An acceptable answer repeats exactly the line with "Weston super Mare" and each line after it through the end of the entries, and includes nothing else.

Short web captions

========================================

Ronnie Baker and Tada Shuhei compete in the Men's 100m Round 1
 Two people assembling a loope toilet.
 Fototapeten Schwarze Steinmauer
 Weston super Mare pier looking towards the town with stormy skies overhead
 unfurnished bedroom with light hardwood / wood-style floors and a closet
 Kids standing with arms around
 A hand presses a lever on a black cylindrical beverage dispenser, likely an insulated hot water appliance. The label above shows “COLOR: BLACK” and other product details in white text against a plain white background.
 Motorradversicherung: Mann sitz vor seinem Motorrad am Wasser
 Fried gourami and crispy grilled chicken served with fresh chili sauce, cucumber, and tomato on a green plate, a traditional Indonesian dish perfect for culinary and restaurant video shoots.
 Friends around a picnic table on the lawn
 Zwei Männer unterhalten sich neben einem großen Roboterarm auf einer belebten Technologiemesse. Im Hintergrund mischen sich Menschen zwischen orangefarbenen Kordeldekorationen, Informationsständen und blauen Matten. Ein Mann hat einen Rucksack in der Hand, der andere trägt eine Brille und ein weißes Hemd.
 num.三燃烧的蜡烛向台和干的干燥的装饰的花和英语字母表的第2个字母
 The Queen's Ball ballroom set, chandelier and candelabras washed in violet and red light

========================================

## RESULT OF THE EXERCISE
 Weston super Mare pier looking towards the town with stormy skies overhead
 unfurnished bedroom with light hardwood / wood-style floors and a closet
 Kids standing with arms around
 A hand presses a lever on a black cylindrical beverage dispenser, likely an insulated hot water appliance. The label above shows “COLOR: BLACK” and other product details in white text against a plain white background.
 Motorradversicherung: Mann sitz vor seinem Motorrad am Wasser
 Fried gourami and crispy grilled chicken served with fresh chili sauce, cucumber, and tomato on a green plate, a traditional Indonesian dish perfect for culinary and restaurant video shoots.
 Friends around a picnic table on the lawn
 Zwei Männer unterhalten sich neben einem großen Roboterarm auf einer belebten Technologiemesse. Im Hintergrund mischen sich Menschen zwischen orangefarbenen Kordeldekorationen, Informationsständen und blauen Matten. Ein Mann hat einen Rucksack in der Hand, der andere trägt eine Brille und ein weißes Hemd.
 num.三燃烧的蜡烛向台和干的干燥的装饰的花和英语字母表的第2个字母
 The Queen's Ball ballroom set, chandelier and candelabras washed in violet and red light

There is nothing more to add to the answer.